■ **About this task**
Exactly as written, please repeat the data that follows, but not the pictures.

■ **Records supplied**
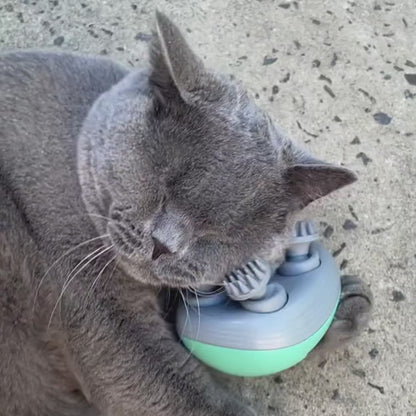 Massaggiatore Felino ArcaCat - Il Relax A Misura Di Gatto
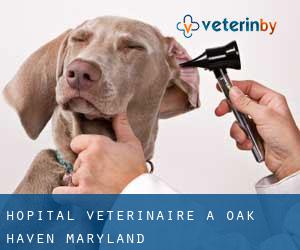 Hôpital vétérinaire à Oak Haven (Maryland)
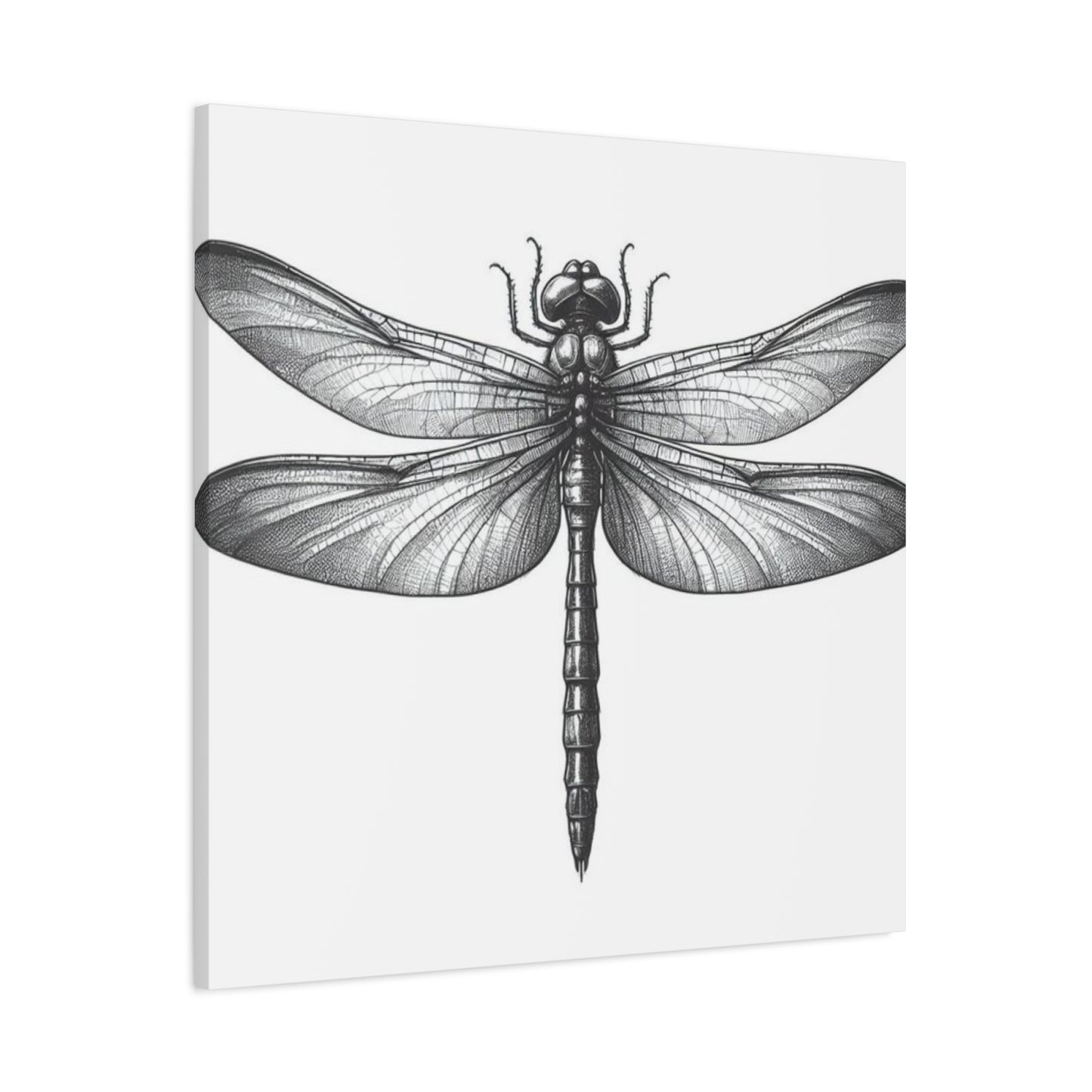 Top of Black Dragonfly Wall Art & Canvas Prints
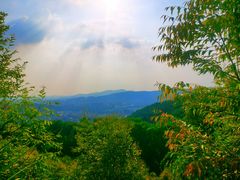 -火炉山森林公园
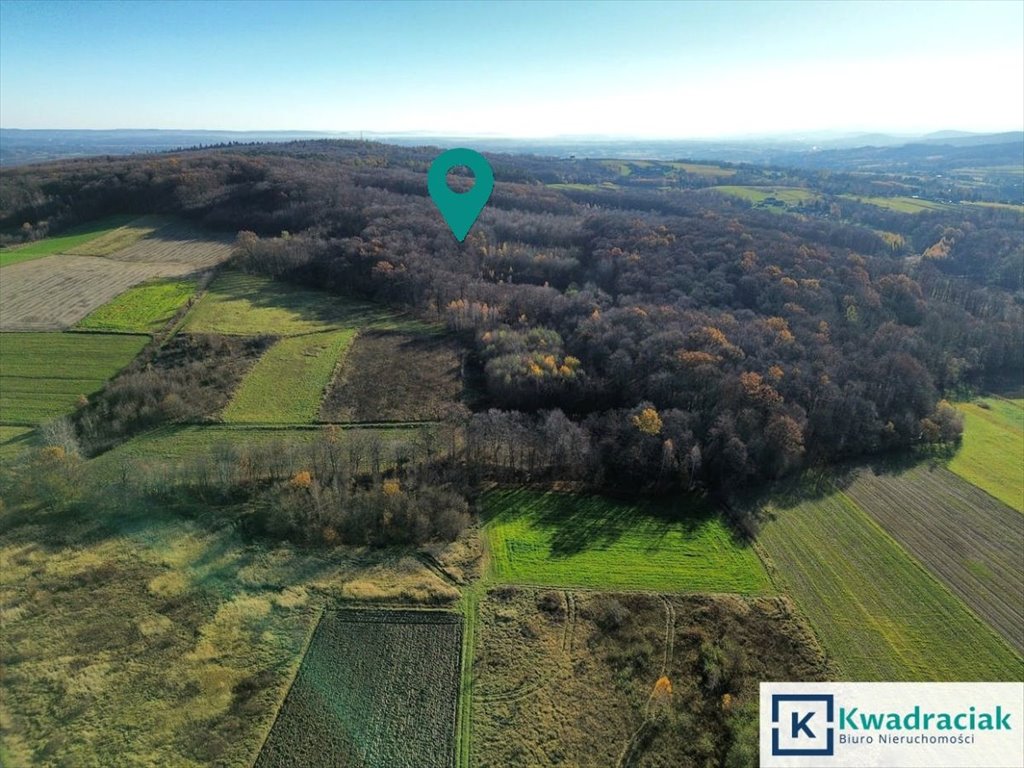 Działka 61 arów z widokiem, lasem i potencjałem rekreacyjnym Podniebyle  6 100m2 Foto 1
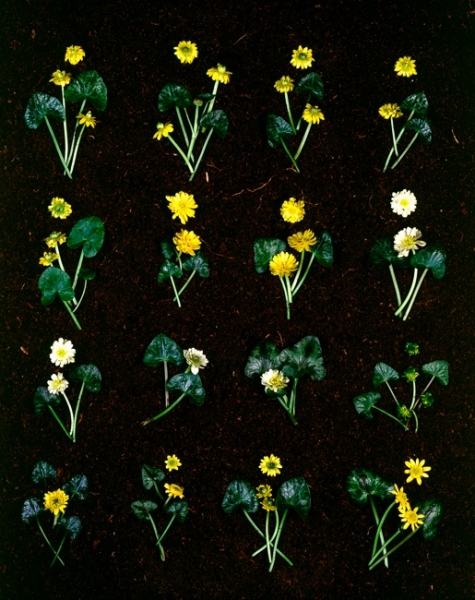 1974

■ **Your solution**
 Massaggiatore Felino ArcaCat - Il Relax A Misura Di Gatto
 Hôpital vétérinaire à Oak Haven (Maryland)
 Top of Black Dragonfly Wall Art & Canvas Prints
 -火炉山森林公园
 Działka 61 arów z widokiem, lasem i potencjałem rekreacyjnym Podniebyle  6 100m2 Foto 1
 1974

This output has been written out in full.